▶ _What to work on_:
Because the copy must hold no pictures, return the data below with all of its words intact.

▶ _Provided data_:
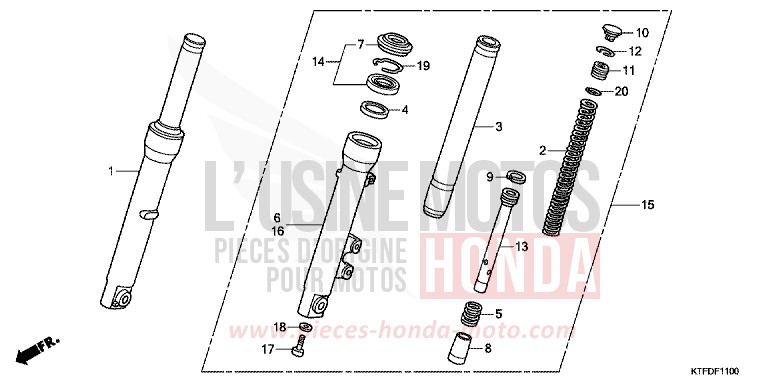 FRONT FORK for SH150i VELVET RED METALLIC (R302) from 2011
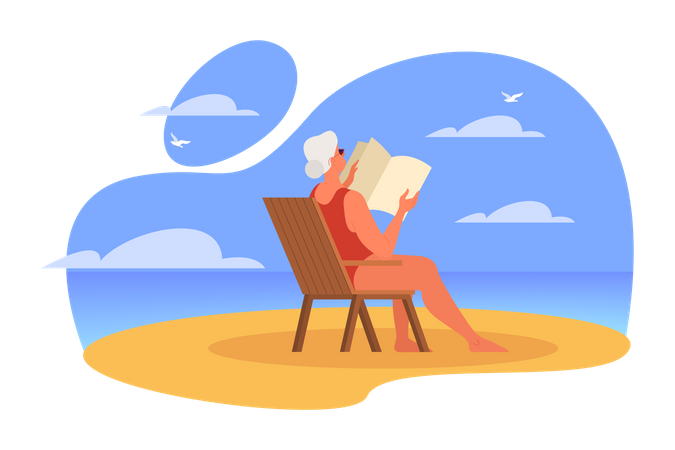Vieille femme âgée lisant un livre tout en étant assise à la plage  Illustration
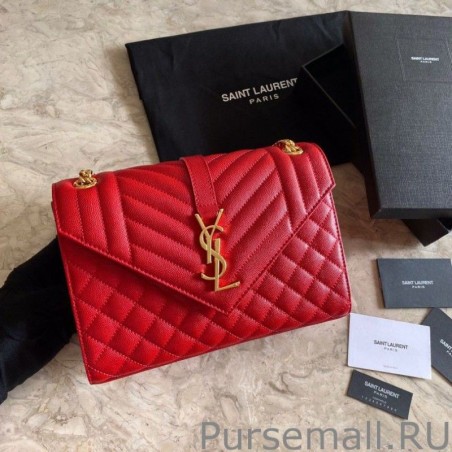 Fashion YSL Saint Laurent Medium Envelope Bag Mix Matelasse Red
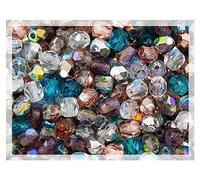 ca 300 pcs (25g) Faceted Fire Polished Round Glass Beads 4mm (0.16in), Czech Republic Bohemian Glass Transparent Mix
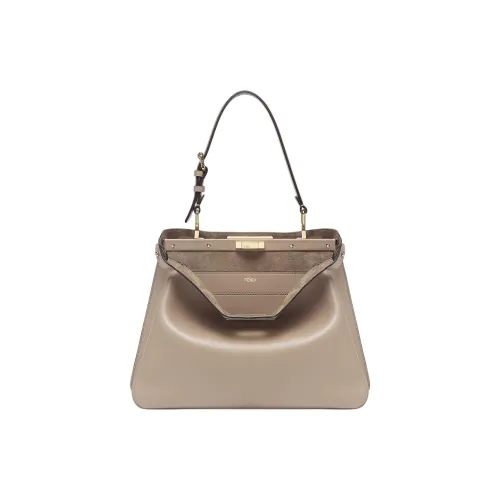 FENDI Peekaboo Calfskin One Shoulder Handbags Medium Size Women's Dove Gray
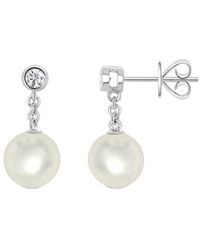 Sabrina Designs - 14k 0.17 Ct. Tw. Diamond & Pearl Dangle Earrings - Lyst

▶ _Your solution_:
 FRONT FORK for SH150i VELVET RED METALLIC (R302) from 2011
Vieille femme âgée lisant un livre tout en étant assise à la plage  Illustration
 Fashion YSL Saint Laurent Medium Envelope Bag Mix Matelasse Red
 ca 300 pcs (25g) Faceted Fire Polished Round Glass Beads 4mm (0.16in), Czech Republic Bohemian Glass Transparent Mix
 FENDI Peekaboo Calfskin One Shoulder Handbags Medium Size Women's Dove Gray
 Sabrina Designs - 14k 0.17 Ct. Tw. Diamond & Pearl Dangle Earrings - Lyst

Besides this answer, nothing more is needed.